Optimizer | SGD | SGDM | Adam | FedProx |
GI method | 0.22 | 0.26 | 0.44 | 0.17 |
1st-order method | 0.33 | 0.35 | 0.38 | 0.30 |
Appendix F F: Error caused by gradient sparsification
In the main text of the paper, we showed that with 95% sparsification, we can reduce computation and protect privacy with only a small increase in estimation error. To better evaluate the trade-off between performance and efficiency/privacy, we further compare the training accuracy at different rates of sparsification using LeNet and MNIST dataset. As shown in Table 21, with a sparsification rate of 95%, the accuracy drop compared to non-sparsification is minor, but is high enough to achieve computation savings and privacy protection. Further increase the sparsification rate will help reduce more computation in the gradient inversion, but the accuracy drop is significant.
Sparsification rate | 0% | 90% | 95% | 99% |
Accuracy | 63.5 | 61.9 | 61.2 | 53.3 |
Appendix G G: Other Discussions
G.1 Server’s overhead in large-scale FL systems
In large-scale FL systems, the server must compute gradients for each delayed client, potentially leading to a performance bottleneck. However, our method requires applying gradient inversion only to a subset of stale model updates, which encapsulate unique and critical knowledge absent from other unstable updates. We argue that, in most practical scenarios as we listed in the main text of the paper, the volume of these updates is likely to remain small, even in large-scale FL systems.
On the other hand, most of current FL implementations, such as Charles et al. [2021], usually use a variant client selection rate, so that the number of clients participating in one global round remains constant instead of increasing proportionally with the total number of clients. Essentially, existing work Ro et al. [2022] showed that once the number of clients per global round is sufficiently large (e.g., 10-50 even for FL systems with thousands of clients), further increasing such number yields only marginal performance gains but significantly increases overhead, and could also result in catastrophic training failure and generalization failure. Hence, our approach will not significantly increase the server’s computing overhead in large-scale FL systems.

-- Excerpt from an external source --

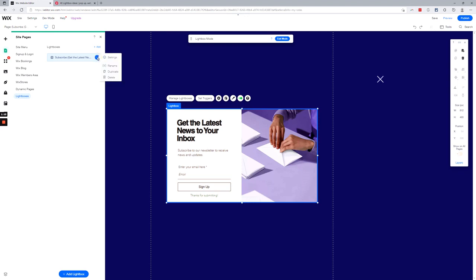All these are familiar settings. It's the same thing. Settings here, which is actually the same as Set Triggers, but we'll get to that. Alright, so let's talk a little bit about how to use a lightbox and how to get emails.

G.2 Defense against malicious attackers
In practical FL systems, a malicious attacker may intentionally inject abrupt gradients (e.g., with extremely large or small values) into the server. Such attacks not only disrupt gradient inversion but also undermine the FL training process itself, hindering convergence and reducing model accuracy. While defending against such attacks is not the primary focus of this paper, existing works have proposed defenses against these gradient-based attacks Wang et al. [2020].
G.3 Applying statistical privacy methods
Since our method only modifies the FL operations on the server and keeps other FL steps (e.g., the clients’ local model updates and client-server communication) unchanged, local differential privacy can theoretically be directly applied to our approach without any modification. More specifically, each client can independently add Gaussian noise to its local model updates, before sending the updates to the server Geyer et al. [2017].
Moreover, note that differential privacy (DP) is also orthogonal to our proposed privacy protection method, because noise can be added to the gradient after our proposed sparsification method.